▶ **Work required**: Print, exactly as they stand, the lines below from the one that has "14K Rose Gold Oval Diamond Fashion Ring" to the one that has "LOFT Black Floral", inclusive, leaving out the pictures.

▶ **Stored data**:
>>>>

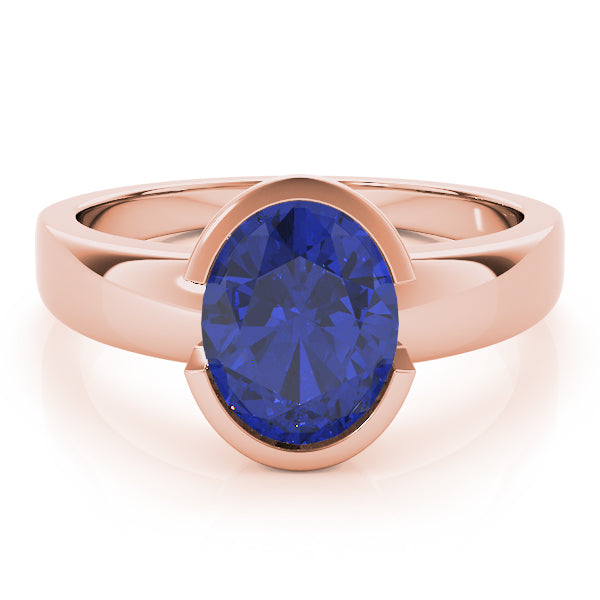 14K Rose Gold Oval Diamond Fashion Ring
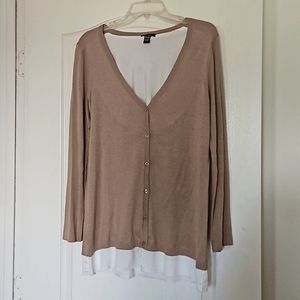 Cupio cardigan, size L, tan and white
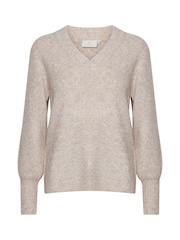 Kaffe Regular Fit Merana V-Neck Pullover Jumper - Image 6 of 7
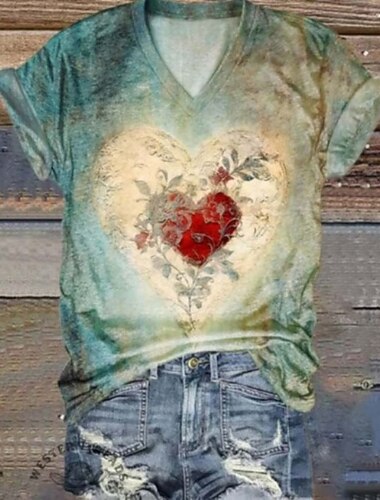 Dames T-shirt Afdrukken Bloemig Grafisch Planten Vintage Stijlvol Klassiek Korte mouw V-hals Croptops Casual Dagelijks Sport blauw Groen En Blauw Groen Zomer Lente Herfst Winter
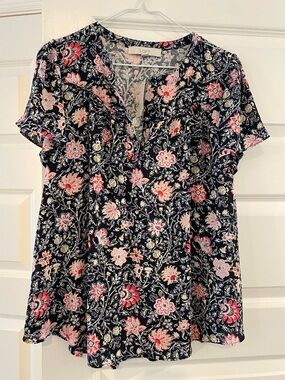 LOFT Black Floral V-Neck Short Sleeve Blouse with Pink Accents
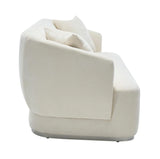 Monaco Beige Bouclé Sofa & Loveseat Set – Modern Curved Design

<<<<
>>>>

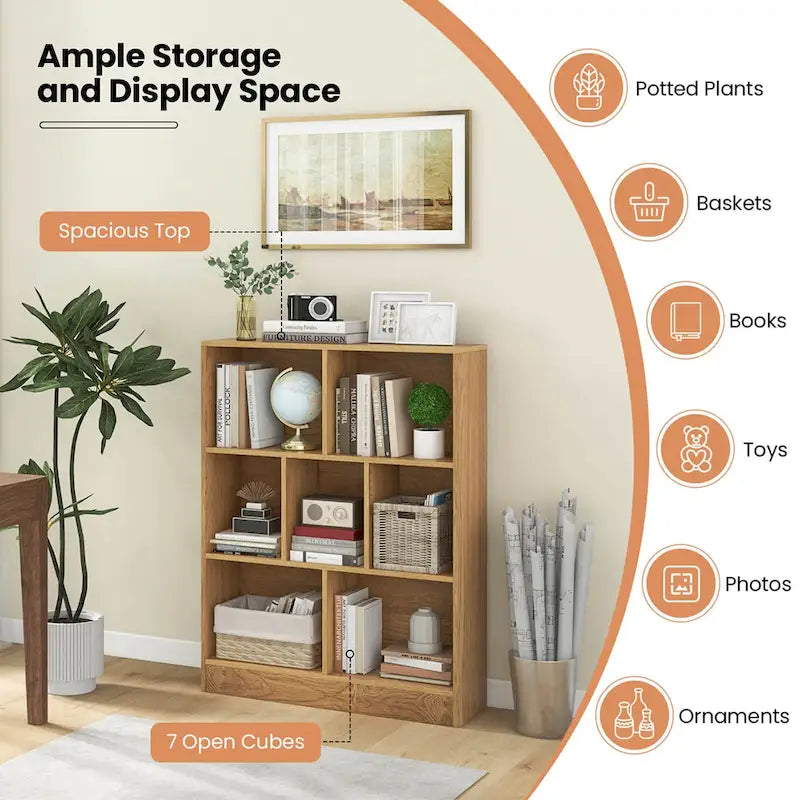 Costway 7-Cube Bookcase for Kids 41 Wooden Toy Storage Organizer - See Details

<<<<

▶ **Written answer**:
 14K Rose Gold Oval Diamond Fashion Ring
 Cupio cardigan, size L, tan and white
 Kaffe Regular Fit Merana V-Neck Pullover Jumper - Image 6 of 7
 Dames T-shirt Afdrukken Bloemig Grafisch Planten Vintage Stijlvol Klassiek Korte mouw V-hals Croptops Casual Dagelijks Sport blauw Groen En Blauw Groen Zomer Lente Herfst Winter
 LOFT Black Floral V-Neck Short Sleeve Blouse with Pink Accents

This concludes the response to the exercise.